Piyush Goyal: India-UK CETA Enters Force, 99% Exports Get Zero Duty
Synopsis
Key Takeaways
Union Commerce and Industry Minister Piyush Goyal on Wednesday, 15 July 2026 announced that the India-UK Comprehensive Economic and Trade Agreement (CETA) and the Agreement on Social Security have come into force, delivering zero-duty market access for nearly 99 per cent of India's exports and covering almost 100 per cent of bilateral trade value.
Context
Minister Goyal described the development as 'a defining milestone in India-UK ties,' crediting the agreement's conclusion to the leadership of Prime Minister Narendra Modi and the negotiating commitment of his UK counterpart, Peter Kyle. The minister thanked both teams 'for their commitment in bringing this transformational agreement to fruition.'
Formal negotiations for the CETA were launched in January 2022, making the nearly four-and-a-half-year negotiating arc one of the longer bilateral trade processes India has undertaken in recent years. The agreement now joins a growing portfolio of Indian FTAs that includes pacts with the UAE (signed February 2022) and Australia (signed December 2022).
Policy Backdrop
India accelerated its bilateral FTA strategy after stepping back from the Regional Comprehensive Economic Partnership (RCEP) in 2019, seeking to secure zero-duty access for labour-intensive export sectors through targeted country-level deals. The UK, navigating its post-Brexit trade agenda, identified India — the world's fifth-largest economy — as a priority partner, particularly in services and technology.

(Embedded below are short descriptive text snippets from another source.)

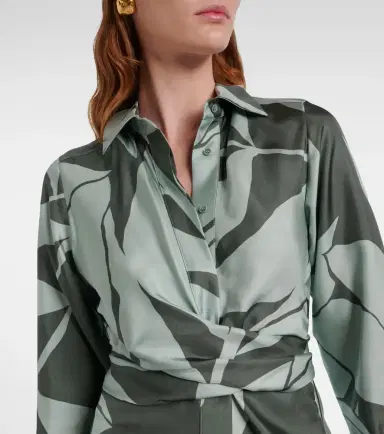 Max Mara Robinia printed silk shirt dress | Thumbnail 4 Max Mara Robinia printed silk shirt dress | Thumbnail 4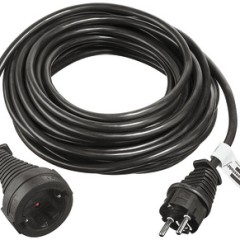 Extens.lead w/o hold.black 10m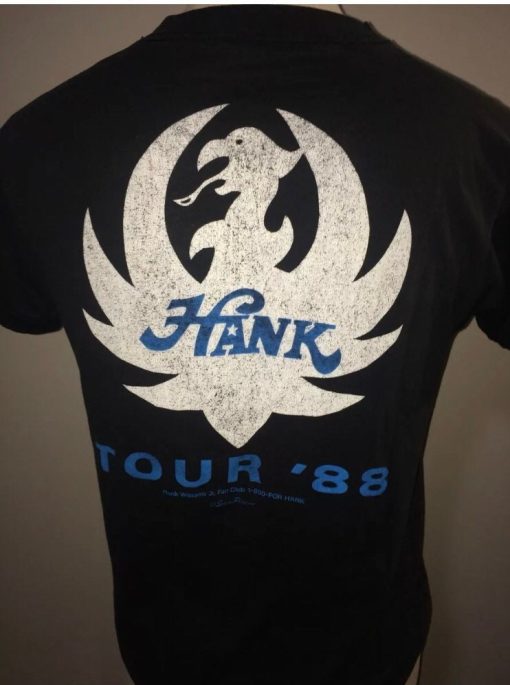 Vtg 80s Screen Stars 1988 Hank Williams Jr Bocephus Tour T-Shirt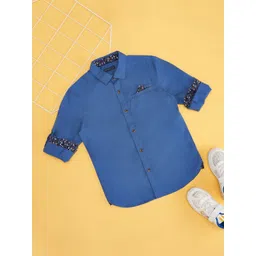 Pantaloons Junior Boys Opaque Casual Shirt-picture-34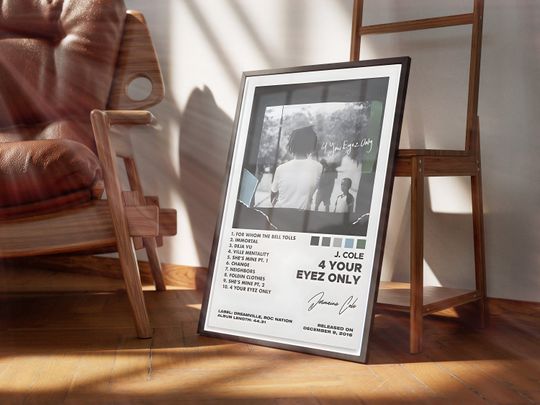 Discover J. Cole - 4 Your Eyez Only - Album Art Poster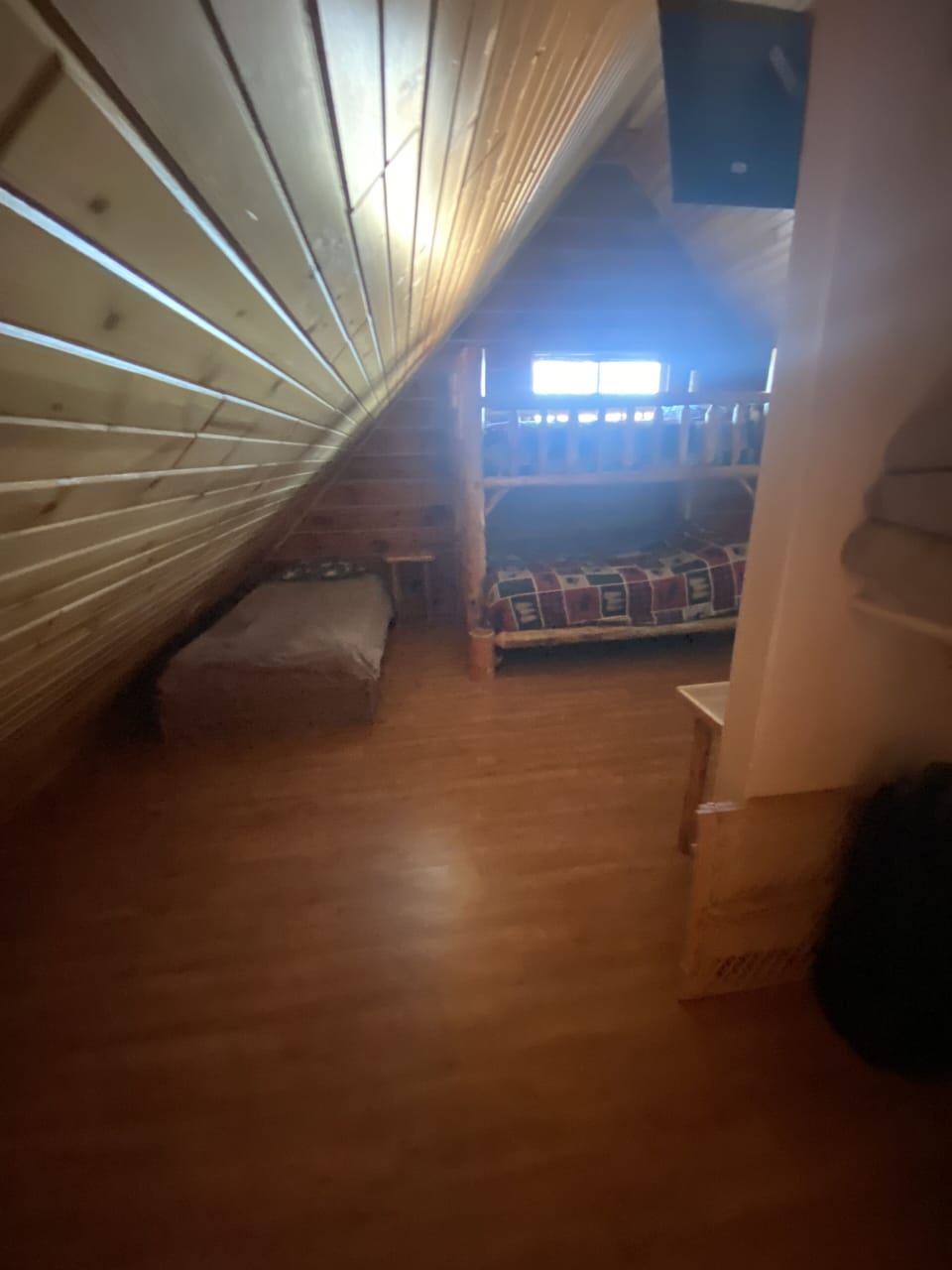 Entering loft area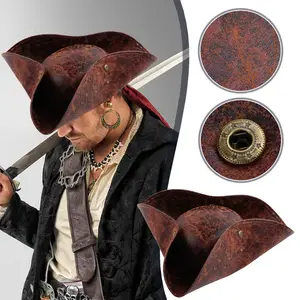 Sombrero pirata de ron rojo para adultos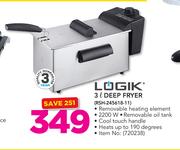 Logik 3Ltr Deep Fryer RSH-245618-11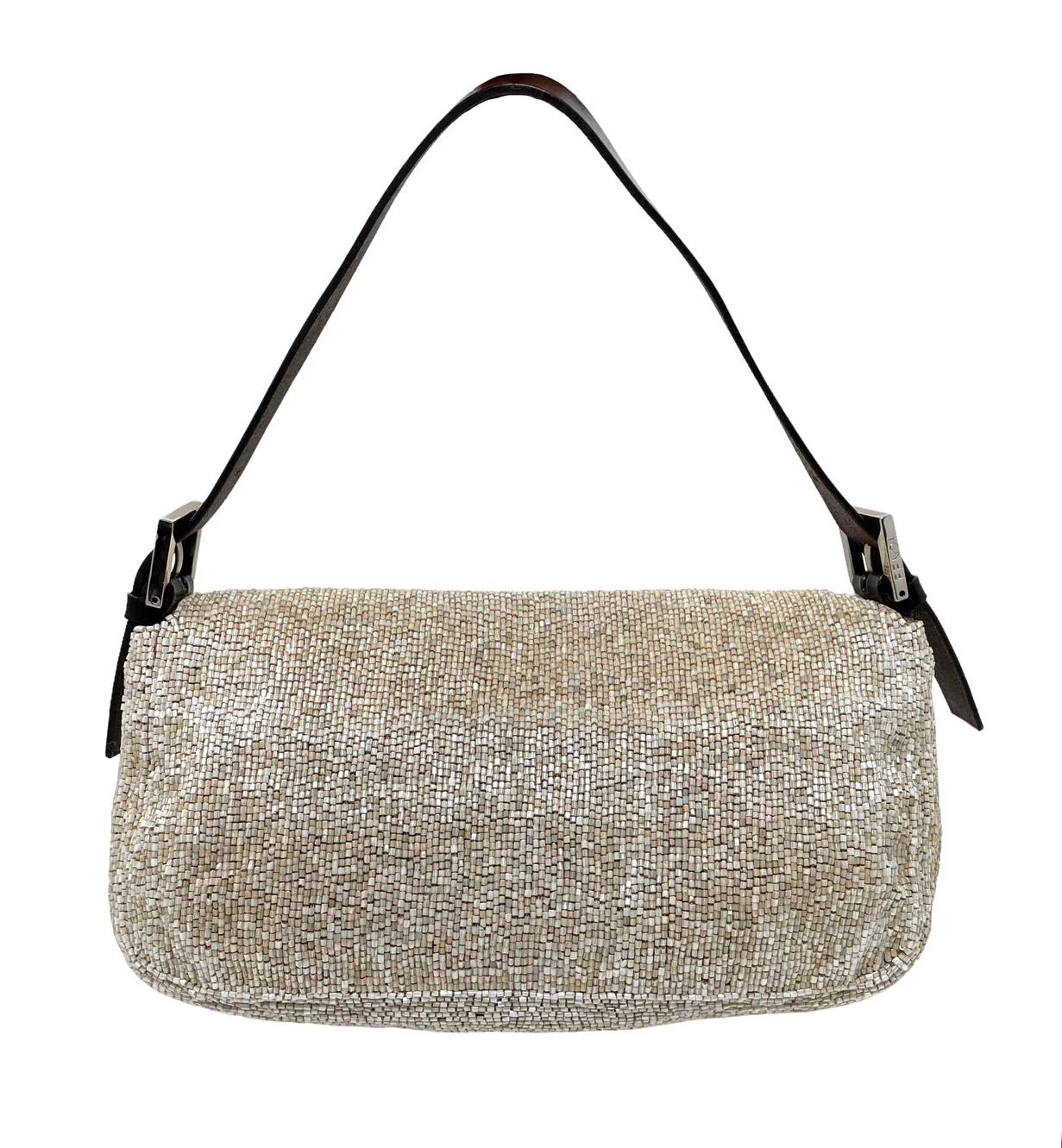 Fendi Beige Beaded Baguette - Image 3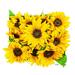 Gracie Oaks 2886240 Sunflower Bouquet Canvas | 12 H x 12 W x 1.25 D in | Wayfair EE84DB9525F3437AA0C9C7B7345597F6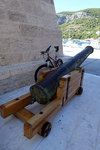 The canon next to the fort of Komiza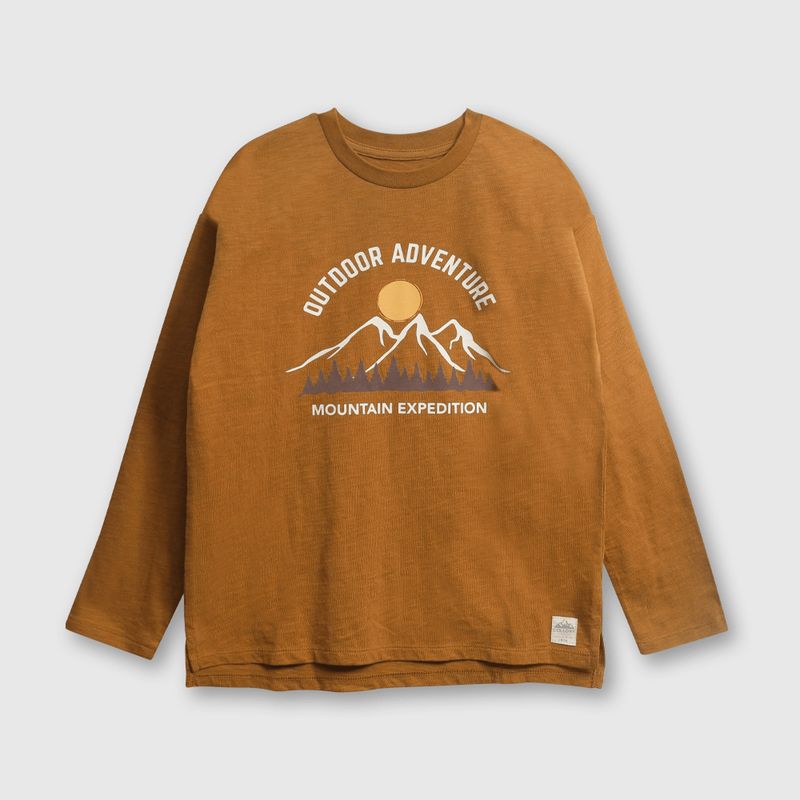 COLLOKY - Polera Niño Naranja 53045 Colloky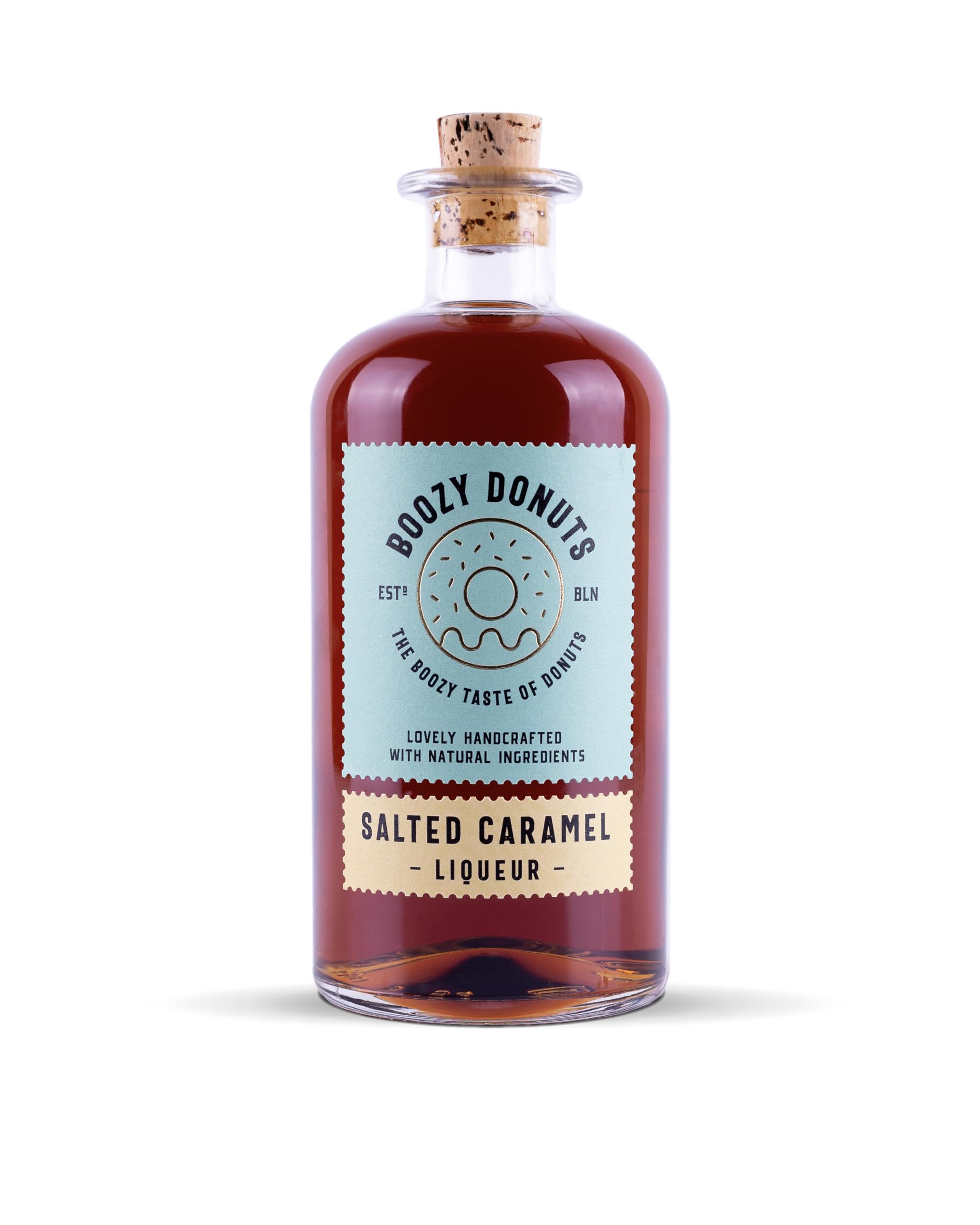 BOOZY DONUTS Salted Caramel Likör Cremiger Karamell & Meersalz Flüssiges Dessert Pur Auf Eis Mit Kaffee Oder Im Cocktail Vegan 17% Vol. (0,5l)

The CETA follows the structural template of earlier Indian agreements by bundling tariff elimination with mobility and social security provisions. The accompanying Agreement on Social Security exempts Indian professionals on temporary assignments in the UK from double social security contributions for up to 5 years, a provision Goyal said would enhance 'the global competitiveness of our workforce.'
Stakeholders and Impact
The agreement targets a broad cross-section of the Indian economy. On the goods side, sectors explicitly cited include textiles, leather, gems and jewellery, engineering goods, marine products, chemicals, and processed foods, alongside MSMEs, farmers, and manufacturers.
On the services side, the pact is expected to open new market access in IT, professional services, financial services, education, and business services, while expanding pathways for Indian talent mobility into the United Kingdom. MSME exporters, who have historically struggled with tariff barriers in developed markets, stand to benefit most immediately from the zero-duty provisions on the goods side.
What's Next
Attention will now shift to the publication of official notifications, rules of origin, and tariff schedules once the agreement is formally gazetted by both governments. Quarterly trade data from the Commerce Ministry on covered sectors will serve as the earliest measurable indicator of the agreement's on-the-ground impact.
If the zero-duty access translates into the export surge the government projects, the India-UK CETA could strengthen the political and economic case for accelerating stalled FTA negotiations with other major partners. For Indian professionals and service exporters, the social security exemption represents a concrete, near-term gain that complements the broader market-access architecture of the deal.